The workflow creates two outputs:

Artifact: "Weekly Executive Briefing — [Date]"

A structured document with sections for metrics, revenue, pipeline, highlights, and action items. All financial figures are rounded per the guideline. Any 10%+ deviations are flagged.

Slack Post to #leadership

A condensed 3-5 bullet summary linking to the full briefing. Example:

Weekly Briefing — March 3, 2026

  • Revenue MTD: $2.4M (up 12% WoW) ⚠️ Above threshold
  • Pipeline: $8.7M across 43 active deals
  • 3 deals moved to Closed Won ($340K total)
  • Product team shipped v2.3 — see #product for details
  • Action needed: Enterprise renewal at risk (Acme Corp)

Monitoring Costs

This workflow uses Claude for all four steps. Check the run's cost view on the Jobs page after each run to see the token usage. A typical run uses approximately:

  • Steps 1-3 (data gathering): ~2,000 tokens each
  • Step 4 (compilation): ~4,000 tokens

TIP

If cost is a concern, you can switch Steps 1-3 to use Gemini 2.5 Flash (a less expensive model) since they're primarily data retrieval tasks.

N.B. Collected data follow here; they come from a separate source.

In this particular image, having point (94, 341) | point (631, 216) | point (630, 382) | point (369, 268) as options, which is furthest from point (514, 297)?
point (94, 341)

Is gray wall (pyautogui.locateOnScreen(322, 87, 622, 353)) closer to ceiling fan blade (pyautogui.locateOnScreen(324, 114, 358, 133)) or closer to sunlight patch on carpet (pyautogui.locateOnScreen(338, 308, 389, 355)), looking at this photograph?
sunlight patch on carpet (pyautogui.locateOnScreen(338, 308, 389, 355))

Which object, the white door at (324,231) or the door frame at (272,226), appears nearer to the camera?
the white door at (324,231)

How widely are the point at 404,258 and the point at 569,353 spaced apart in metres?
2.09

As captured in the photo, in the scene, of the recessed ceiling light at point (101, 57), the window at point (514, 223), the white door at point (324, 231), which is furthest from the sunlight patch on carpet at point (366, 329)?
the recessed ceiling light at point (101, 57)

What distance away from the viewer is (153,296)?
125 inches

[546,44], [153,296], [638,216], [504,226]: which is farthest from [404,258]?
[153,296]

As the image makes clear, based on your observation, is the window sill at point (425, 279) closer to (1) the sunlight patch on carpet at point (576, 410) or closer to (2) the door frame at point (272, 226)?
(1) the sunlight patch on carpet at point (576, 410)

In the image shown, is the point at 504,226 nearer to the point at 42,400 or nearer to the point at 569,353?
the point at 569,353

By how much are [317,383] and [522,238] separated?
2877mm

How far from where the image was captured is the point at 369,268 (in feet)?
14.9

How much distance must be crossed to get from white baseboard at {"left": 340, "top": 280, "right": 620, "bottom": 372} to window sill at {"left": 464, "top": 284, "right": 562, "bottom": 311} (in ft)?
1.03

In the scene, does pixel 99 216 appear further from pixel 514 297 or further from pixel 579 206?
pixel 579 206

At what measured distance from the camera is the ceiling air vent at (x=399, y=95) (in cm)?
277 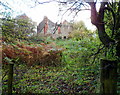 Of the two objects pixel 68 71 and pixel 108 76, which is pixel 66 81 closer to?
pixel 68 71

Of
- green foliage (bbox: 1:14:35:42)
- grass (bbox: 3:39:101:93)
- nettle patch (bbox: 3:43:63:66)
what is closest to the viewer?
green foliage (bbox: 1:14:35:42)

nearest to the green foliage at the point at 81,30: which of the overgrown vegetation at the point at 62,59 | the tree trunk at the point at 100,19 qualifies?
the overgrown vegetation at the point at 62,59

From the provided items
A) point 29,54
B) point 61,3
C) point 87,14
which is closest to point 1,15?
point 61,3

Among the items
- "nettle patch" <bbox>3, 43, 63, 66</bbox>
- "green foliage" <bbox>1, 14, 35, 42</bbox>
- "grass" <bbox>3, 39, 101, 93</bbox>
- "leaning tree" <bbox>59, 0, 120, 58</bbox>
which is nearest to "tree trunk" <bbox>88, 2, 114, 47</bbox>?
"leaning tree" <bbox>59, 0, 120, 58</bbox>

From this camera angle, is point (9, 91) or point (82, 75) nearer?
point (9, 91)

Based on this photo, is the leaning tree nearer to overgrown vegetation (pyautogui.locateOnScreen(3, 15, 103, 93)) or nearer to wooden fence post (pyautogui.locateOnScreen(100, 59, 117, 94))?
overgrown vegetation (pyautogui.locateOnScreen(3, 15, 103, 93))

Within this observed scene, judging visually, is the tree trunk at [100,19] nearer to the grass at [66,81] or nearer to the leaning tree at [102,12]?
the leaning tree at [102,12]

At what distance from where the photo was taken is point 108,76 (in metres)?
0.65

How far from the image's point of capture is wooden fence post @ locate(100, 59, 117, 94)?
0.64m

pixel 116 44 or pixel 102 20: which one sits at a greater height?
pixel 102 20

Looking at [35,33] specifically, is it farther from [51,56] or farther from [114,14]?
[114,14]

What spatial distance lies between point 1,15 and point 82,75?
1.34 m

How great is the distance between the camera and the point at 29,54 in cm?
270

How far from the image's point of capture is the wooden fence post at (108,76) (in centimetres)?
64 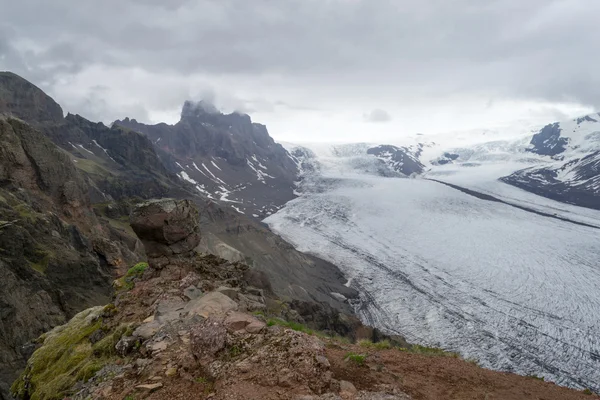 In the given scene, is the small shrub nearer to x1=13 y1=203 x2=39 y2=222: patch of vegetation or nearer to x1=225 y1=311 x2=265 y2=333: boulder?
x1=225 y1=311 x2=265 y2=333: boulder

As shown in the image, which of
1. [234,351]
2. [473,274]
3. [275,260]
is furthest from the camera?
[275,260]

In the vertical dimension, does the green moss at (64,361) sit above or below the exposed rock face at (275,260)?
above

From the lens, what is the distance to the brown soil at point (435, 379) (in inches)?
316

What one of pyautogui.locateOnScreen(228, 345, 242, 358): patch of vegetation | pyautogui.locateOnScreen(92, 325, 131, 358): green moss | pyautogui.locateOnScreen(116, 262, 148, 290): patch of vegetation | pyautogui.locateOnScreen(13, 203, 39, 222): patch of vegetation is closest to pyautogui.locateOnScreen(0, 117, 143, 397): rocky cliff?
pyautogui.locateOnScreen(13, 203, 39, 222): patch of vegetation

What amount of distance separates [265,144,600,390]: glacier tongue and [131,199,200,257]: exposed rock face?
40690mm

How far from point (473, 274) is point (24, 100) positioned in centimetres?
11582

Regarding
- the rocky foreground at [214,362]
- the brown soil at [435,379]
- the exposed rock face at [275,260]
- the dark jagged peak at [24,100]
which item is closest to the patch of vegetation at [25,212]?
the rocky foreground at [214,362]

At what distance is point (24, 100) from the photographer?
9819 centimetres

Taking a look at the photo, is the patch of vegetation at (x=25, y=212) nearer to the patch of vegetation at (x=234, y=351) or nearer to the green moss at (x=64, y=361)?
the green moss at (x=64, y=361)

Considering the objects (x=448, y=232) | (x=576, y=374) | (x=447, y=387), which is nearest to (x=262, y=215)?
(x=448, y=232)

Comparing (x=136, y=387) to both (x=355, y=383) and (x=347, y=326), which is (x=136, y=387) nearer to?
(x=355, y=383)

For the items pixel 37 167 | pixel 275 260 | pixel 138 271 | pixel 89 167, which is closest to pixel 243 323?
pixel 138 271

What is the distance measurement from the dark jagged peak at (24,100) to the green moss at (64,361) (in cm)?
10371

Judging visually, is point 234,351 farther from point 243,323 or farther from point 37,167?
point 37,167
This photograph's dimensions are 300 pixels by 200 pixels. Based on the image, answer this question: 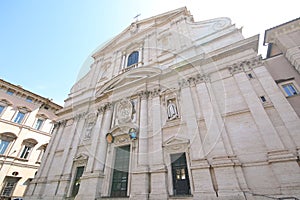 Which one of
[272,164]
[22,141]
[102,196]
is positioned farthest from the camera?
[22,141]

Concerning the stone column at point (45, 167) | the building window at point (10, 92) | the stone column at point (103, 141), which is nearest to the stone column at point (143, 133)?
the stone column at point (103, 141)

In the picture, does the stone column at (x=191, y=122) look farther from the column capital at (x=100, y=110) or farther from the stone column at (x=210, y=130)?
the column capital at (x=100, y=110)

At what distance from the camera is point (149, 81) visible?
39.9ft

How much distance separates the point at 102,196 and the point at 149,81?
333 inches

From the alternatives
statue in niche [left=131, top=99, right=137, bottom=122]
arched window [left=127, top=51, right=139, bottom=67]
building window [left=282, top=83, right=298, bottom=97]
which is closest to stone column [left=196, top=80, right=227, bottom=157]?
building window [left=282, top=83, right=298, bottom=97]

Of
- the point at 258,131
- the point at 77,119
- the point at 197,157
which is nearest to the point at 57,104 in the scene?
the point at 77,119

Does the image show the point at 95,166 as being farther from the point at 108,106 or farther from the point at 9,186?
the point at 9,186

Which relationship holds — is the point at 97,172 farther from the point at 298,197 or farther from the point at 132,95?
the point at 298,197

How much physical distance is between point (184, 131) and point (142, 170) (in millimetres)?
3278

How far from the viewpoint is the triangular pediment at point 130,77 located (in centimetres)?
1228

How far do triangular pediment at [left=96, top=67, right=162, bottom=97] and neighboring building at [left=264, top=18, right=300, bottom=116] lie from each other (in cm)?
773

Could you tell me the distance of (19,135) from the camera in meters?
17.1

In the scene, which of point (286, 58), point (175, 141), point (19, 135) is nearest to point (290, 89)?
point (286, 58)

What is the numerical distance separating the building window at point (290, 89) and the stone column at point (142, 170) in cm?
847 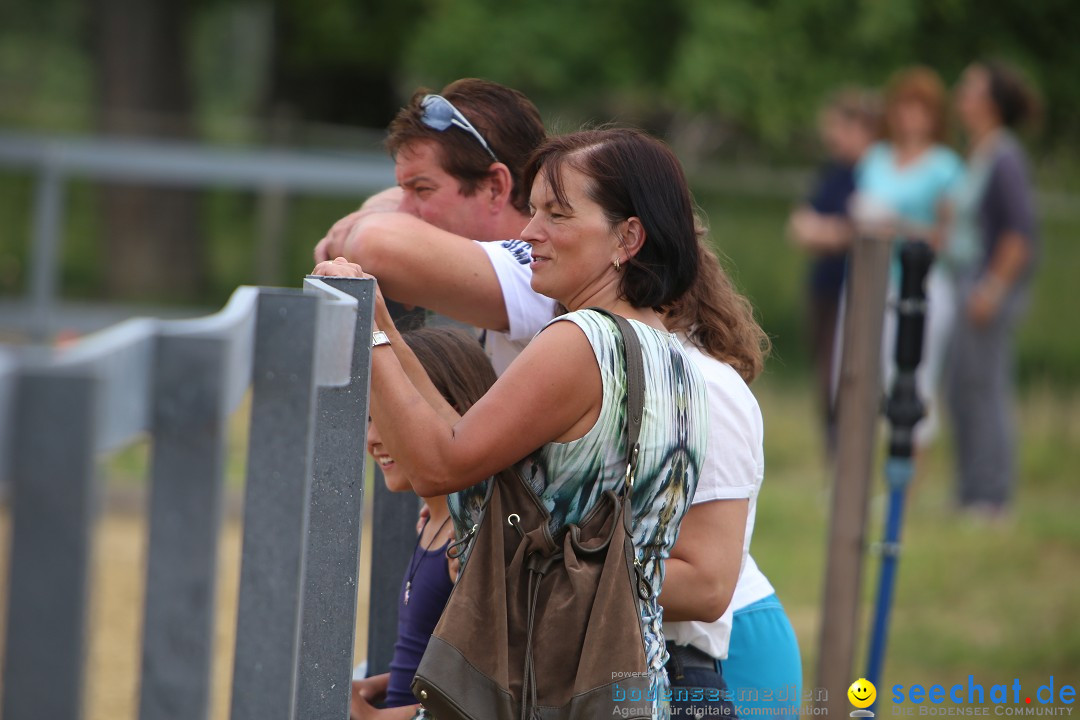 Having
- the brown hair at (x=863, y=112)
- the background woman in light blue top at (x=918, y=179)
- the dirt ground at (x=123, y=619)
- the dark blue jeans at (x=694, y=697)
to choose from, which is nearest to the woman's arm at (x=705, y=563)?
the dark blue jeans at (x=694, y=697)

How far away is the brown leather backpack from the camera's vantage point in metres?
1.84

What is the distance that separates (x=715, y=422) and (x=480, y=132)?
70 cm

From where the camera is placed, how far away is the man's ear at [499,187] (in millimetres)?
2506

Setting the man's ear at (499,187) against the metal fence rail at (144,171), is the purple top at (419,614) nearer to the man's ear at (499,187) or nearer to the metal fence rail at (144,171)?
the man's ear at (499,187)

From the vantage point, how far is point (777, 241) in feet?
41.9

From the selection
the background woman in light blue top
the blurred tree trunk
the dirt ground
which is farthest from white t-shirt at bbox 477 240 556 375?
the blurred tree trunk

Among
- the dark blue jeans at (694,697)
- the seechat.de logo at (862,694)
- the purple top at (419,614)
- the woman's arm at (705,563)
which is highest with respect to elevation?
the woman's arm at (705,563)

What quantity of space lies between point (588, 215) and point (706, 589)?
605mm

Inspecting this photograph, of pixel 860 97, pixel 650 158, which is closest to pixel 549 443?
pixel 650 158

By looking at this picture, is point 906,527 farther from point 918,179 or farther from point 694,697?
point 694,697

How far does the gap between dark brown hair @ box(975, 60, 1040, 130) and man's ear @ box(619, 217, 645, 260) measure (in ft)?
19.1

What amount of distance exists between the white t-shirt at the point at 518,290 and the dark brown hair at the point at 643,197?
0.22m

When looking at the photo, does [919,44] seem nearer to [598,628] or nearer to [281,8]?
[281,8]

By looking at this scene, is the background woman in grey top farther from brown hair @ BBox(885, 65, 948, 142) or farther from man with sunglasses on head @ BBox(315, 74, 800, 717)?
man with sunglasses on head @ BBox(315, 74, 800, 717)
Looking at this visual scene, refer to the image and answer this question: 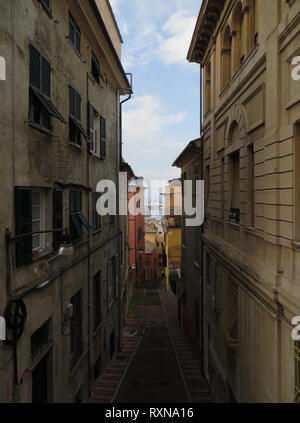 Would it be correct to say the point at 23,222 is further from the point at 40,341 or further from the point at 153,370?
the point at 153,370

Keep Step 4 on Claude for the best writing quality.

Troubleshooting

ProblemSolution
Stripe connection errorsCheck your API key. If using a test key, you only see test mode data. Switch to a live key for production data.
Revenue query returns empty resultsVerify the database connection string and table names in the PostgreSQL connection settings.
Slack search finds nothingMake sure the Slack connection has access to the channels listed in the instructions.
Briefing tone isn't formal enoughStrengthen the tone guideline with specific examples of acceptable vs. unacceptable phrasing.